Ev Tipi Beyazlatma Nedir ve Nasıl Yapılır?

Ev tipi beyazlatma yine jeller aracılığı ile evde uygulanarak diş renginin açılması işlemine denir. Bu işleme muayene olduğunuz hekim karar vermelidir. Karar verildikten sonra ilk olarak ölçü alınır. Daha sonra plastic esaslı bir materyalden plak hazırlanır. Plak hazırlandıktan sonra jeller hastaya teslim edilir. Hekimin uygun gördüğü doğrultuda beyazlatma işlemleri evde gerçekleştirilir. 2-3 saat veya 7-8 saate kadar işlem süresi değişir. Bu süre dişlerin hassasiyetine bağlı olarak da değişir. Devamlı olarak 2- 3 hafta boyunca yapılması ile başarılı sonuçlar alınır.

 
Devital beyazlatma nedir?

Kanal tedavisi veya travma sonrası canlılığını yitiren dişlerde meydana gelen renklenmenin tedavisi için uygulanır. Bu tür renklenmelerde diş içine yerleştirilen beyazlatma ajanı dişte birkaç gün bekletilir. İstenilen sonuç elde edilene kadar işlem tekrarlanır. Bazı durumlarda tedavi başarısız olabildiği gibi bazen de tedaviden birkaç sene sonra diş tekrar eski rengine dönebilir. Canlılığını yitirmiş dişlerdeki renklenmeler tedavi edilmediğinde, dişin komşu dişlerle renk uyumu sağlanamamış olacağından estetik olarak kötü bir görüntü olacaktır. Beyazlatma ajanı diş içerisinde 3-7 gün arasında bekletilmek suretiyle istenilen sonuca ulaşılana kadar uygulanır. Genellikle 1-3 kez uygulanması yeterli olmaktadır. Seans aralarında dişlere geçici dolgu yapılmaktadır. İstenilen beyazlığa ulaşıldıktan sonra daimi dolgu yapılmaktadır.

 
Dentin hassasiyeti nedir ve tedavi yöntemleri nelerdir?

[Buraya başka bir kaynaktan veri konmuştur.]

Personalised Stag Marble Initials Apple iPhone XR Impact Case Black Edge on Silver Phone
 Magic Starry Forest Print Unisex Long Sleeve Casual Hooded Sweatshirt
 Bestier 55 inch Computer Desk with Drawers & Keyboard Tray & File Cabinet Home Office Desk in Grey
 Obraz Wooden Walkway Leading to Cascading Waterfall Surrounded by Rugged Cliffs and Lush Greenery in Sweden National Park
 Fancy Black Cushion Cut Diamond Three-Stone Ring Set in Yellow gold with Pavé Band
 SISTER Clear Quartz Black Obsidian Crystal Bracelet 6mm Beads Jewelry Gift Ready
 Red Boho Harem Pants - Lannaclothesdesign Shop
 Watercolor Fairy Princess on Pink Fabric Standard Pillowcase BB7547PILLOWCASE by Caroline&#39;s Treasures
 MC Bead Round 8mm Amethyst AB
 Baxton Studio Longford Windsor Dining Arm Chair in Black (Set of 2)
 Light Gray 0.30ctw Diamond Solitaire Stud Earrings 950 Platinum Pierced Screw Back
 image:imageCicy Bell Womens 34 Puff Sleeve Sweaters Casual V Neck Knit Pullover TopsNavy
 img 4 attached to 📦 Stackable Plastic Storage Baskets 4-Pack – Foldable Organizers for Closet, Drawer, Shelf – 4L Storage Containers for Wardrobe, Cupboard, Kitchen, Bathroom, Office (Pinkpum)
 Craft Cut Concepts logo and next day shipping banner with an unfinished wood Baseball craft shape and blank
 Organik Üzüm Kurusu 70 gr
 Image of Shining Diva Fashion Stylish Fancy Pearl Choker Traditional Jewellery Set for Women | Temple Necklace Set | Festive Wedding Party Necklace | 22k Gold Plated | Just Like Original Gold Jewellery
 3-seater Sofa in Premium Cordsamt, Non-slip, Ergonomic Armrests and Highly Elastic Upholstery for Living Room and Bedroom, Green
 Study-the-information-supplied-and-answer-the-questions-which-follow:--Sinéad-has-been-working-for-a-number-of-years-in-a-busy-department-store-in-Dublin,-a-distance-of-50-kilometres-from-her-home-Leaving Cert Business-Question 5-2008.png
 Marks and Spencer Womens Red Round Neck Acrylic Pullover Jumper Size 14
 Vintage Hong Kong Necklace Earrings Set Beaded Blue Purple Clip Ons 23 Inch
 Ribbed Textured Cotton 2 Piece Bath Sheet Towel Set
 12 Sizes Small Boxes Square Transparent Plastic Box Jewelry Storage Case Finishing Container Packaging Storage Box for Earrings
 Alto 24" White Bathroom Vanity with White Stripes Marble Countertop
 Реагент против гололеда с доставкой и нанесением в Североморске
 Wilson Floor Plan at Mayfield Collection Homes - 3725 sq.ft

Dentin hassasiyeti herhangi bir defekt veya patoloji olmaksızın açığa çıkmış dentin yüzeyinin mekanik, kimyasal, termal ve elektriksel bir etkenle uyarılması sonucu oluşan keskin ve kısa süreli ağrı olarak tanımlanmaktadır. Dentin hassasiyetinin tedavisi problemin derecesine göre hekimler tarafından ya da evde hasta tarafından uygulanabilir. Dentin tübüllerinin bonding ajan ile tıkanması, hekim tarafından iyontoforez–lazer uygulamaları ile hassasiyet giderilmesi, hassas dişlerin cam iyonomer siman, kompozit rezin vb. restore edilmesi, periodontal operasyonlar ile hassasiyet giderilmesi, kanal tedavisi uygulamaları dentin hassasiyetinde yapılabilecek tedavilerdendir. Ayrıca hastalara hassasiyet giderici ajanlar içeren (potasyum nitrat ve sodyum florür vb) diş macunları önerilmelidir.